→ Problem to solve
Restate the following records word for word without images.

→ Exercise inputs
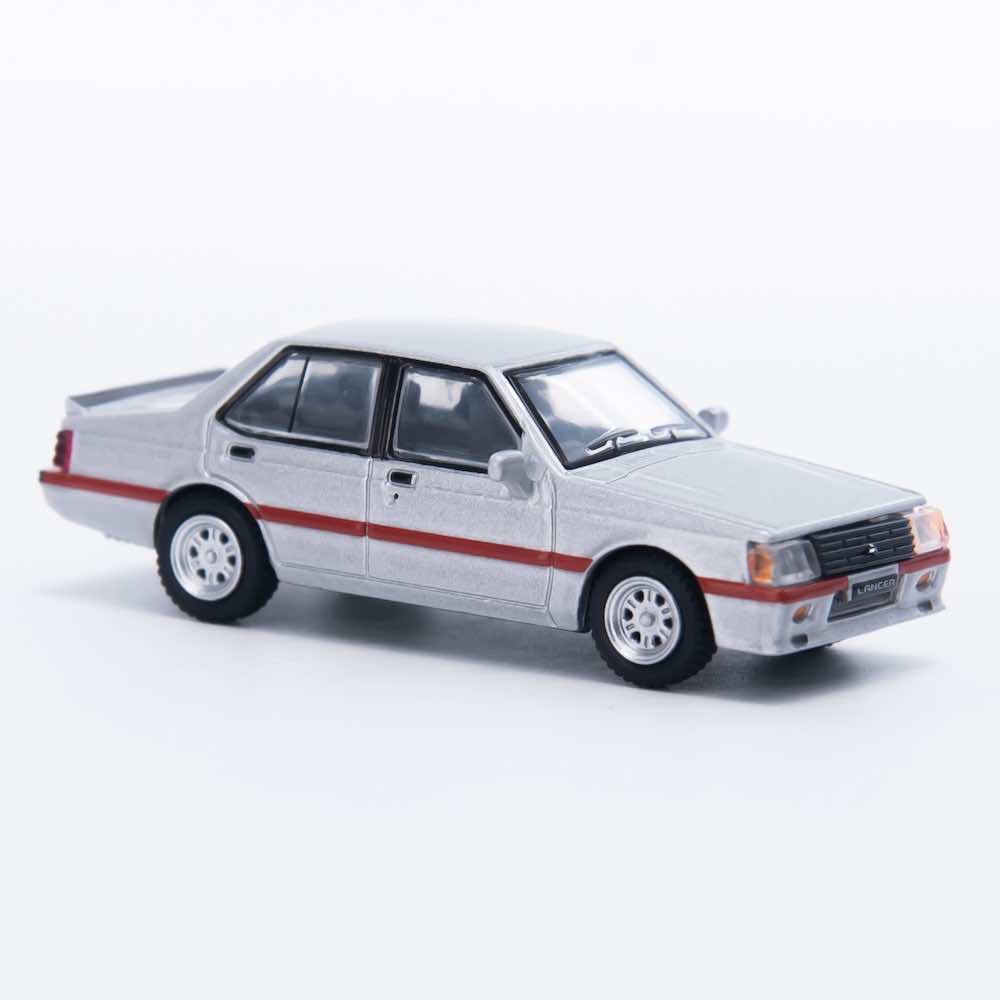 1:64 Mitsubishi Lancer EX2000 Die Cast Model Car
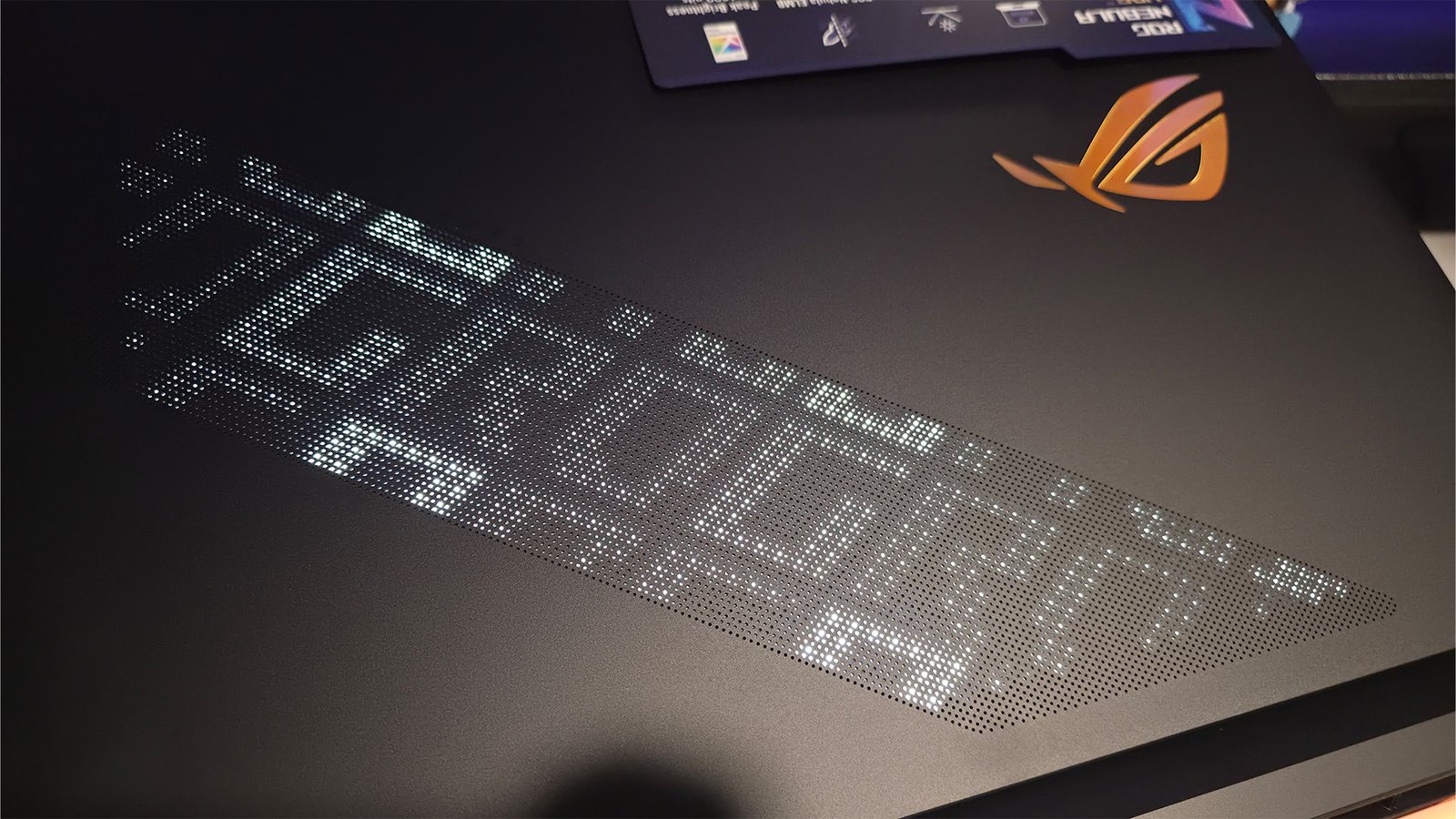 ROG Strix SCAR 18 (G835LXG) AniMe Screen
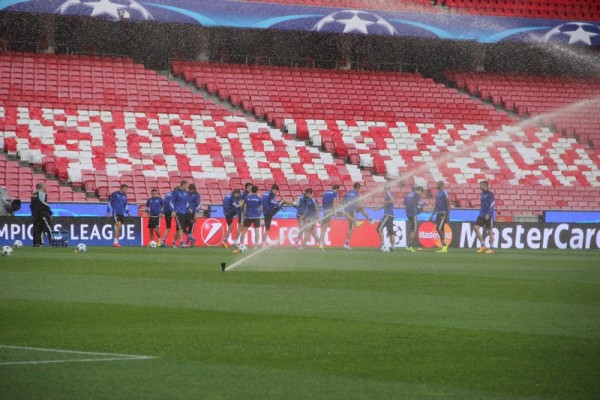 Дебют на краю Европы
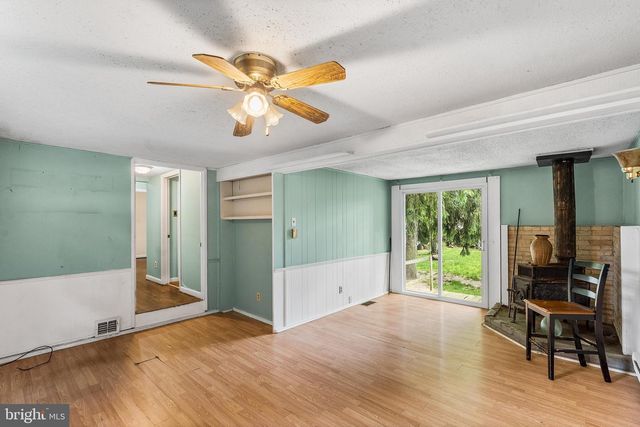 305 OHIO AVE, Egg Harbor Township, NJ 08234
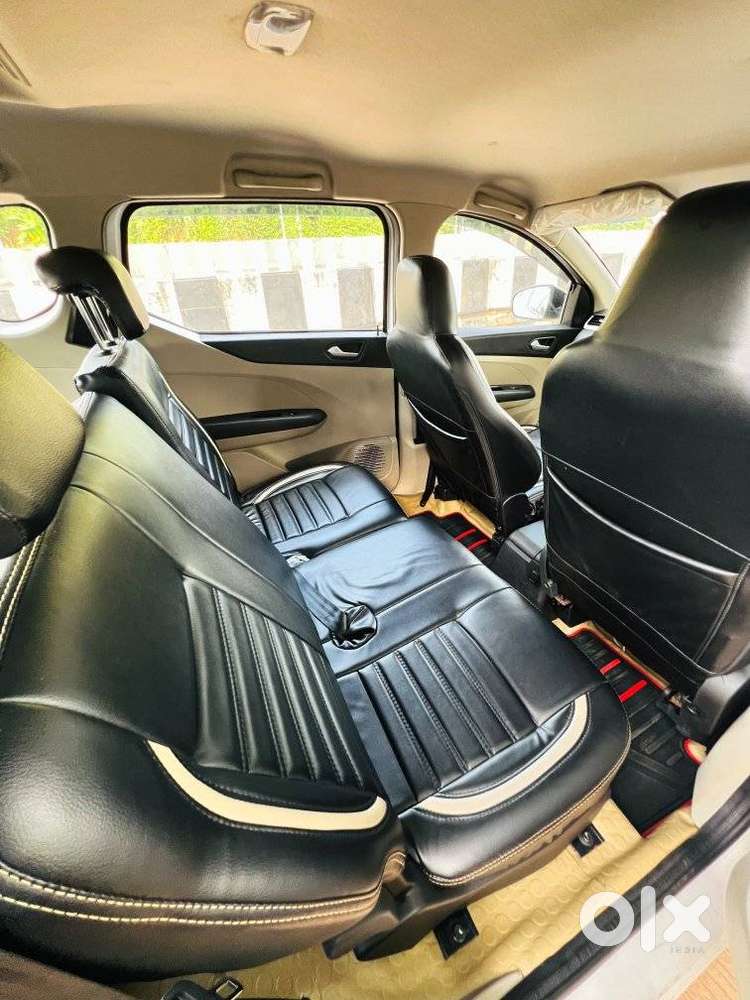 Renault Triber Rxz, 2023, Petrol
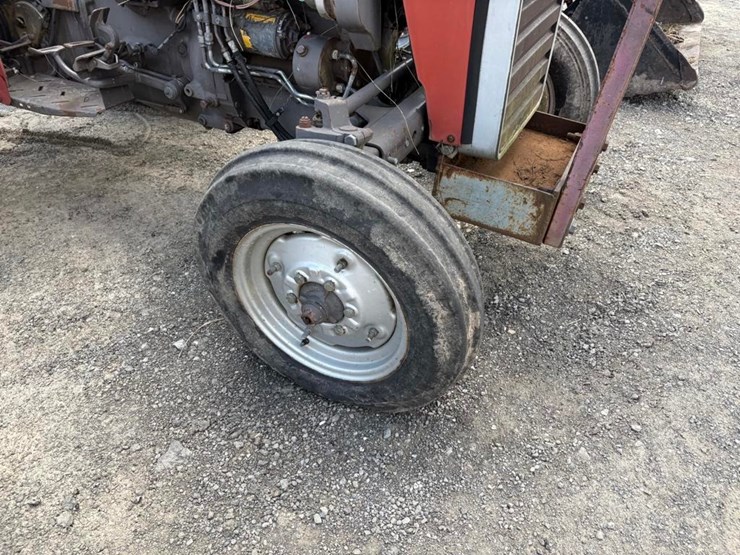 massey-ferguson-240-image-21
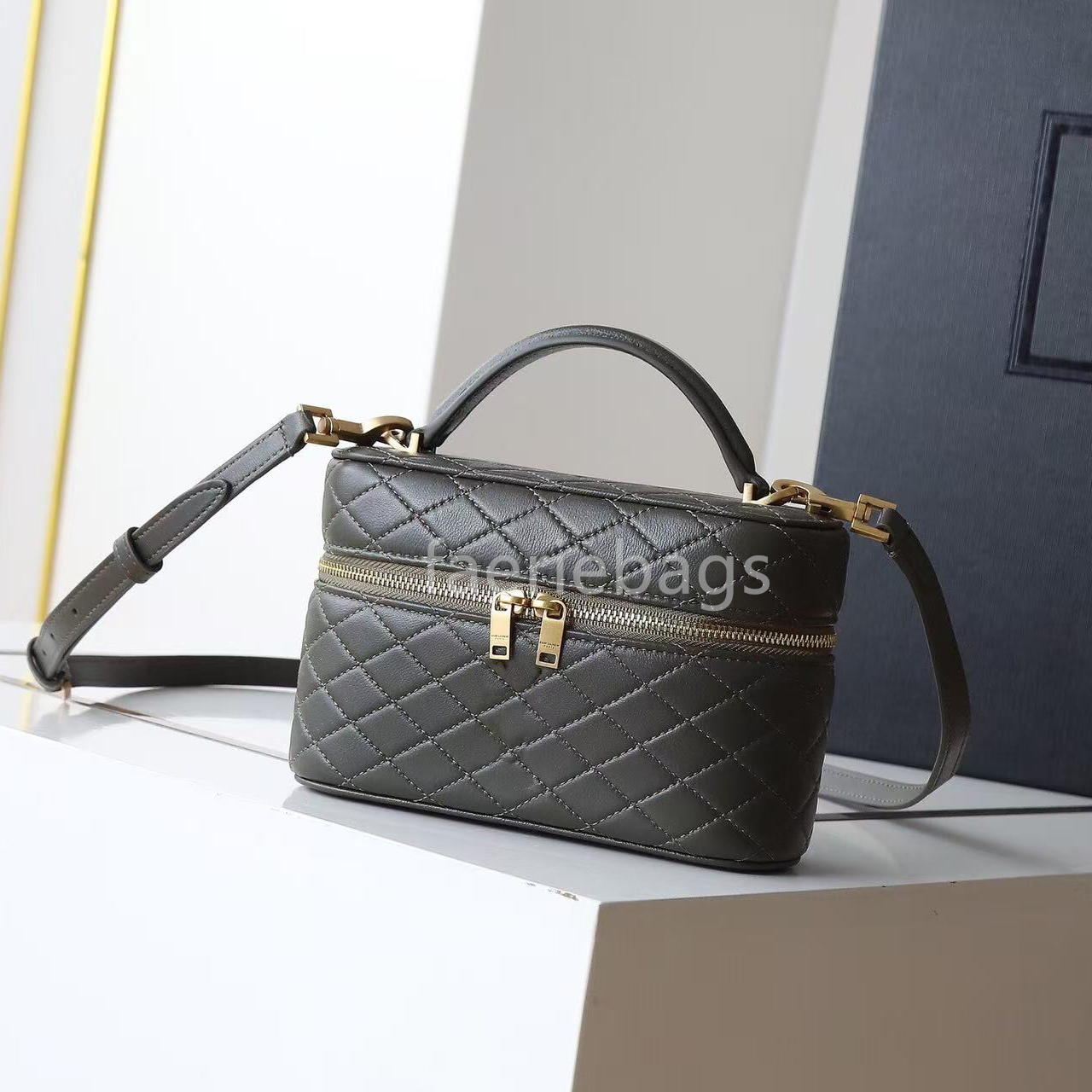 Designer bag cosmetic bag handbag luxury bag flip chain bag imported lambskin shoulder bag crossbody bag small square bag simple and fashionable mini makeup bag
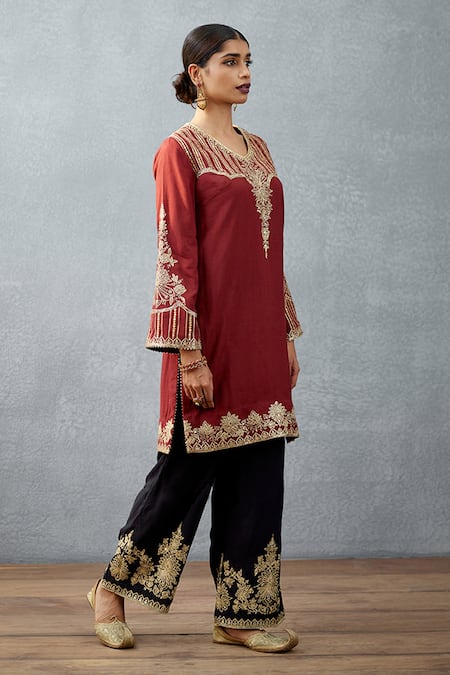 Torani_Maroon Slub , Pure Satin Bhagalpuri Gulghast Shiraz Kurta Pant Set _Online_at_Aza_Fashions
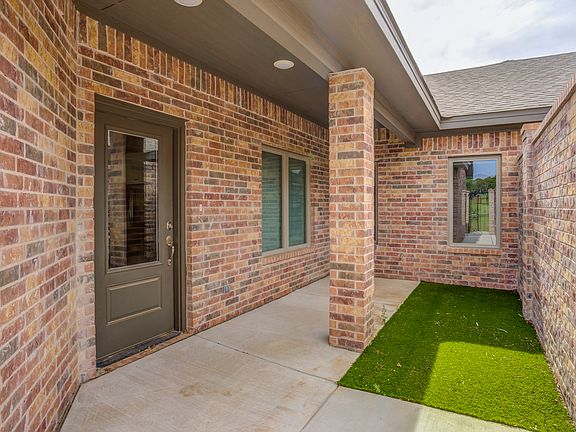 4th image of 2502 N Meadow Dr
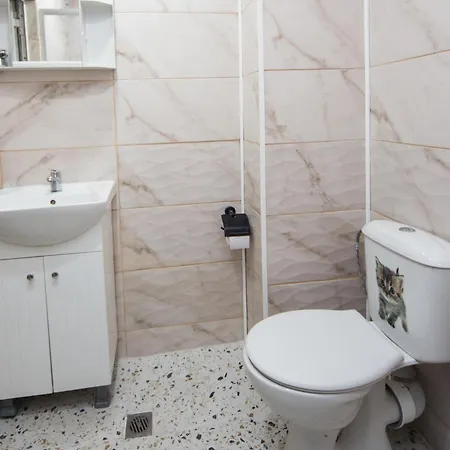 2 Bedrooms - Downtown - Excellent Location Burgas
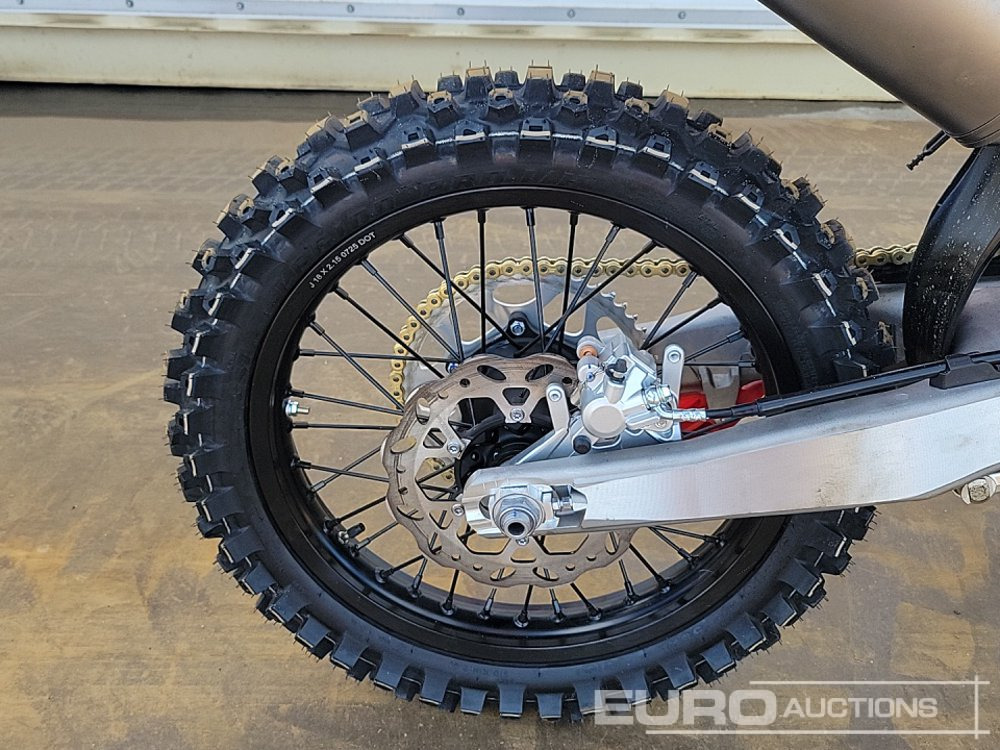 Motorfiets Unused 2025 Apollo Storm 300cc Motorcross Bike, 21" Front, 18" Rear Tyres, Electric Start, Air Cooled, Hydraulic Suspension, Disc Brakes, Lighting Kit (UNASSEMBLED): afbeelding 12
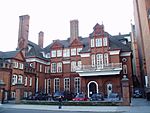 Archivo:The Royal Geographical Society, Kensington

→ Answer section
 1:64 Mitsubishi Lancer EX2000 Die Cast Model Car
 ROG Strix SCAR 18 (G835LXG) AniMe Screen
 Дебют на краю Европы
 305 OHIO AVE, Egg Harbor Township, NJ 08234
 Renault Triber Rxz, 2023, Petrol
 massey-ferguson-240-image-21
 Designer bag cosmetic bag handbag luxury bag flip chain bag imported lambskin shoulder bag crossbody bag small square bag simple and fashionable mini makeup bag
 Torani_Maroon Slub , Pure Satin Bhagalpuri Gulghast Shiraz Kurta Pant Set _Online_at_Aza_Fashions
 4th image of 2502 N Meadow Dr
 2 Bedrooms - Downtown - Excellent Location Burgas
 Motorfiets Unused 2025 Apollo Storm 300cc Motorcross Bike, 21" Front, 18" Rear Tyres, Electric Start, Air Cooled, Hydraulic Suspension, Disc Brakes, Lighting Kit (UNASSEMBLED): afbeelding 12
 Archivo:The Royal Geographical Society, Kensington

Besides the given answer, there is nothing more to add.